An issuer is a business ultimately responsible for payment of traveler’s checks, money orders or stored value. An issuer of traveler’s checks or money orders who issues such checks or money orders in an amount greater than $1,000 in currency or monetary or other instruments to any person on any day in one or more transactions is an MSB subject to the Bank Secrecy Act.
Seller or Redeemer
A seller is a business that sells traveler’s checks or money orders to others. Such an entity may also be the issuer or it may be an agent of the issuer.
A redeemer is a business that accepts instruments in exchange for currency or other instruments for which it is not the issuer.

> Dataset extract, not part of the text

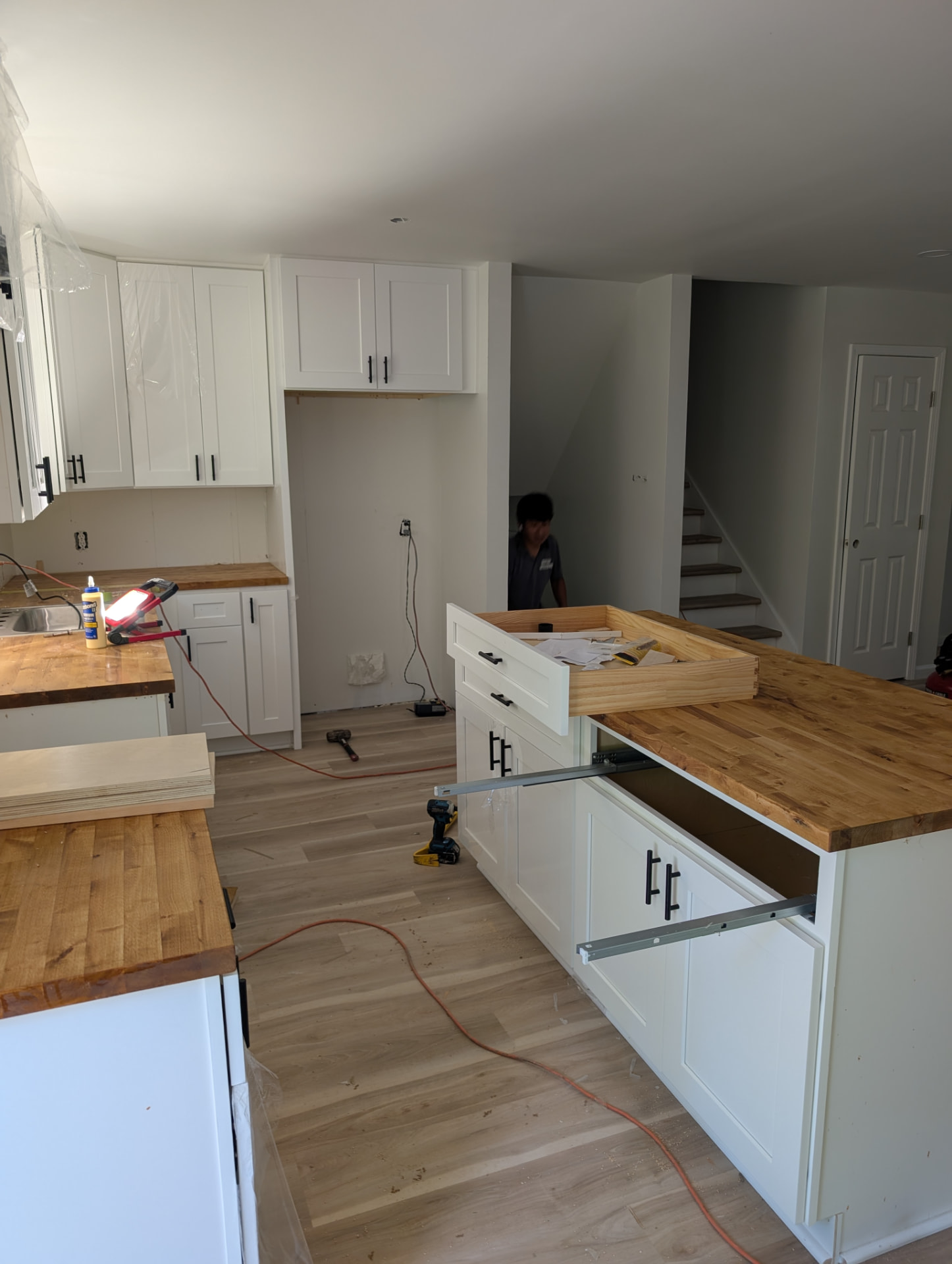 Kitchen island under construction with drawer boxes and butcher block top, stairs visible behind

For example, a hotel that provides a customer with $1,500 in cash in exchange for the customer’s $1,500 in traveler’s checks (issued by another MSB) is a redeemer. Note however that a business that accepts monetary instruments in exchange for goods or general services is not acting as a redeemer under the Bank Secrecy Act.
A seller or redeemer of traveler’s checks or money orders who sells or redeems such instruments in an amount greater than $1,000 in currency or monetary or other instruments to any person on any day in one or more transactions is an MSB subject to the Bank Secrecy Act. Again, additional regulations and requirements are typically imposed at the state level and must also be followed.